Saved data entries
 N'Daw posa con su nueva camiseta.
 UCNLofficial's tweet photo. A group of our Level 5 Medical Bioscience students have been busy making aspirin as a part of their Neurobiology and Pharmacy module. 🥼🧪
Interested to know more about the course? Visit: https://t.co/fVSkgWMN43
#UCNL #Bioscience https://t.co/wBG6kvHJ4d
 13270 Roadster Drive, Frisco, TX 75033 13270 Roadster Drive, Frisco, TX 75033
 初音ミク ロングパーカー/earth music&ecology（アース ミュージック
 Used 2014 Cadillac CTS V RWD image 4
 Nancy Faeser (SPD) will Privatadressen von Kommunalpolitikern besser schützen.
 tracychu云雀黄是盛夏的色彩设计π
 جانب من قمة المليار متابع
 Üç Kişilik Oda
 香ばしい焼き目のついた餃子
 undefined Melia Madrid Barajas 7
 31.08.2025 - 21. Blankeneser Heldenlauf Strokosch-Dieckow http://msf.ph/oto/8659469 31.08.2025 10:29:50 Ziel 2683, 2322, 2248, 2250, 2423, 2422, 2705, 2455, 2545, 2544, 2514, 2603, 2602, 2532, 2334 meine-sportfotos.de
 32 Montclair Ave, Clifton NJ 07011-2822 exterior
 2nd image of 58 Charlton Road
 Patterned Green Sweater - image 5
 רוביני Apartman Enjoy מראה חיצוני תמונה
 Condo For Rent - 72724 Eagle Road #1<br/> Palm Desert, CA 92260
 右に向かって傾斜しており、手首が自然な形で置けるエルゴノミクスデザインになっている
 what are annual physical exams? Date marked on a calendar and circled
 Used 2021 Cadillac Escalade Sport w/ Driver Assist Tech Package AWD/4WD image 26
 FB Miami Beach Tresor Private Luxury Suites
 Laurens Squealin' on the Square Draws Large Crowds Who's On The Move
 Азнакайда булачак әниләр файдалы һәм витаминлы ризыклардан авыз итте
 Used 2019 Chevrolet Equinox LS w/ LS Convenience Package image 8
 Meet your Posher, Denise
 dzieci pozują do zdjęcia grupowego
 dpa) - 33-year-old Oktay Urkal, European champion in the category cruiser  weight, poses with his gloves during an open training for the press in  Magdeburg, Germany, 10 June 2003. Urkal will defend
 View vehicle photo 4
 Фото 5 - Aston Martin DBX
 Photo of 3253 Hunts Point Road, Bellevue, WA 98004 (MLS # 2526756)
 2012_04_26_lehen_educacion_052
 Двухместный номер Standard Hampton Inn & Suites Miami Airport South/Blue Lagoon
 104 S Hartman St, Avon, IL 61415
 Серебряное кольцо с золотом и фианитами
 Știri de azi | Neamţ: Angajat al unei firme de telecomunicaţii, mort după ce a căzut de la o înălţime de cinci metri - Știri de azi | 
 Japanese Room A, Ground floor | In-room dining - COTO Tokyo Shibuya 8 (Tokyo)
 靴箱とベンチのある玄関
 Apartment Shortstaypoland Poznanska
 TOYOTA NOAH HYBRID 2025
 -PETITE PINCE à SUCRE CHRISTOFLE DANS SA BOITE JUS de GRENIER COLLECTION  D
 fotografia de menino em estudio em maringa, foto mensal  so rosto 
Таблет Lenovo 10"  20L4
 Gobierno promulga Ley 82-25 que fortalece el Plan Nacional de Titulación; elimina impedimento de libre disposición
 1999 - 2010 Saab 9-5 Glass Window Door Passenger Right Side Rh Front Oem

TASK STATEMENT →
For every line above that holds the string "Miami", add one to a count; give that count alone.

RESPONSE FOR THIS EXERCISE →
2